What is expected: Your answer should be an exact copy of the lines from the one containing "Vivi Idee Morgenmantel" through the last line of the records below, without any pictures.

START Supplied material

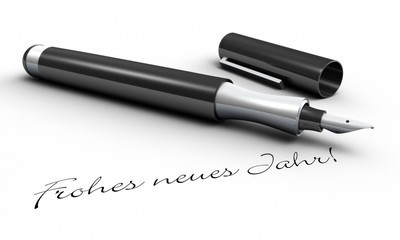 Fototapeta premium Frohes neues Jahr - Stift Konzept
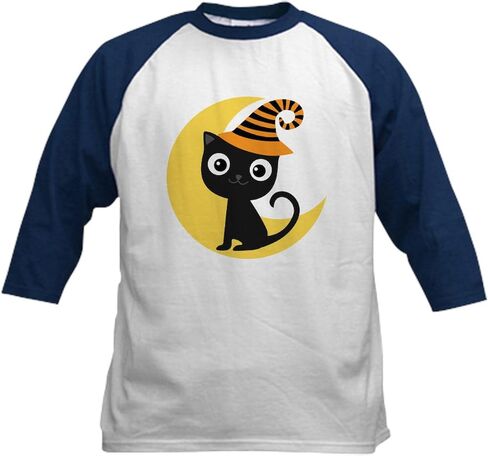 CafePress Halloween Cat Spooky Kids Baseball T Shirt Kids Cotton Baseball Jersey, 3/4 Raglan Sleeve Shirt in Kuwait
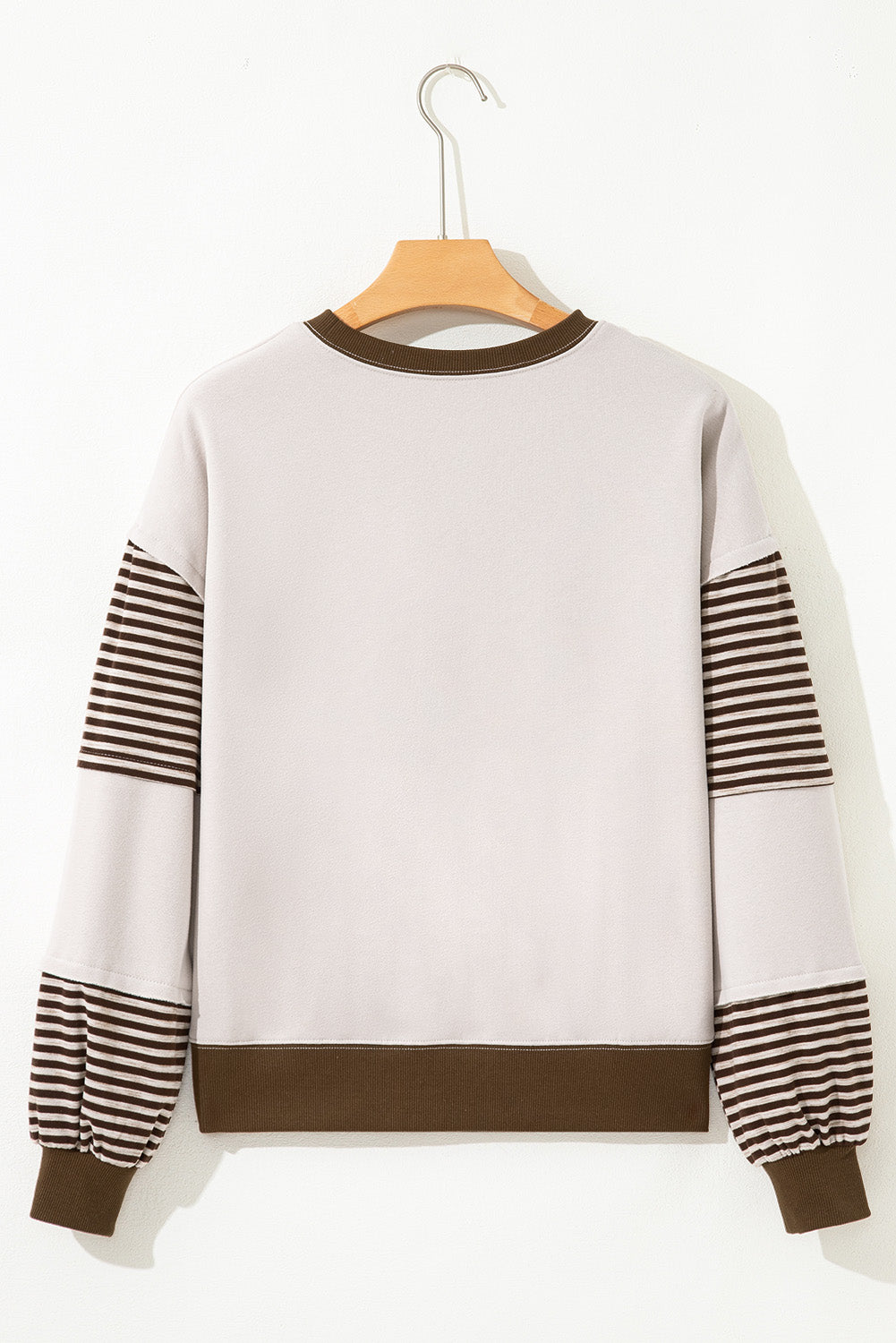 Stripe Colorblock Drop Shoulder Sweatshirt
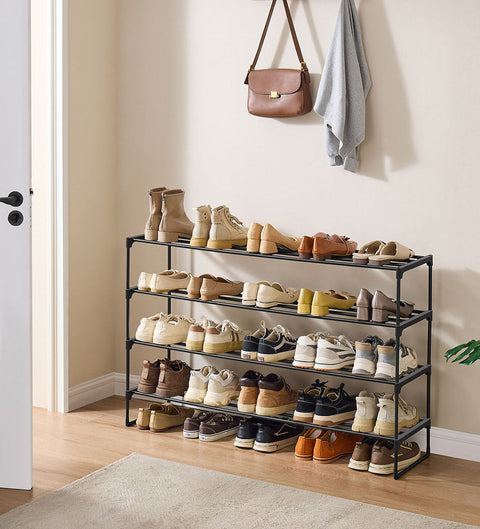 Rootz 4 Level Shoe Shelf - Shoe Rack - Shoe Organizer - Holds 25-30 Pairs - Metal Pipes - Plastic Connectors - 30cm x 117cm x 75cm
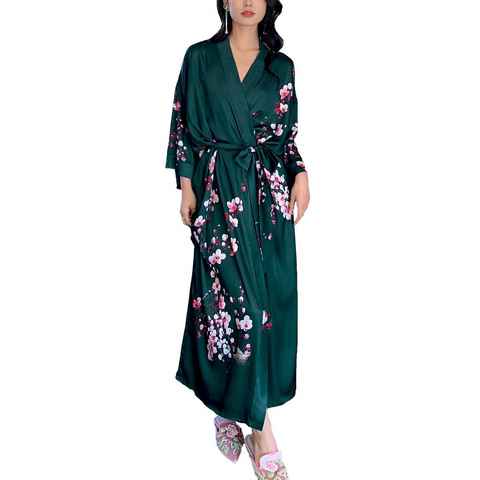 Vivi Idee Morgenmantel Schlafmantel Bademantel kimono lang leicht satin Einheitsgröße, Prunus mume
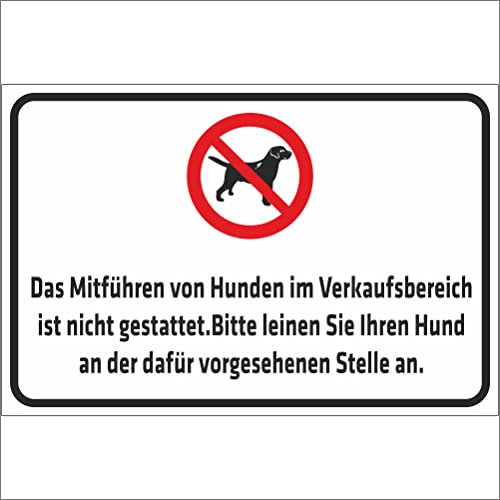 INDIGOS UG - Aufkleber Warnung - Das Mitführen von Hunden im Verkaufsbereich ist nicht gestattet - 200x150 mm - Hinweisschild Warnschild Sicherheitsschild - Sticker - für Innen und Außen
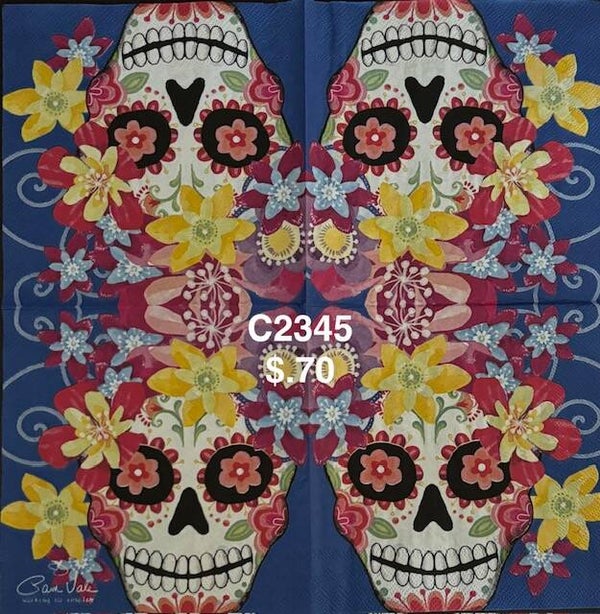 Halloween (C2345) - Skeleton with Pink Flower Eyes and Yellow Flowers on a Blue Background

END Supplied material

Solution to this task:
 Vivi Idee Morgenmantel Schlafmantel Bademantel kimono lang leicht satin Einheitsgröße, Prunus mume
 INDIGOS UG - Aufkleber Warnung - Das Mitführen von Hunden im Verkaufsbereich ist nicht gestattet - 200x150 mm - Hinweisschild Warnschild Sicherheitsschild - Sticker - für Innen und Außen
 Halloween (C2345) - Skeleton with Pink Flower Eyes and Yellow Flowers on a Blue Background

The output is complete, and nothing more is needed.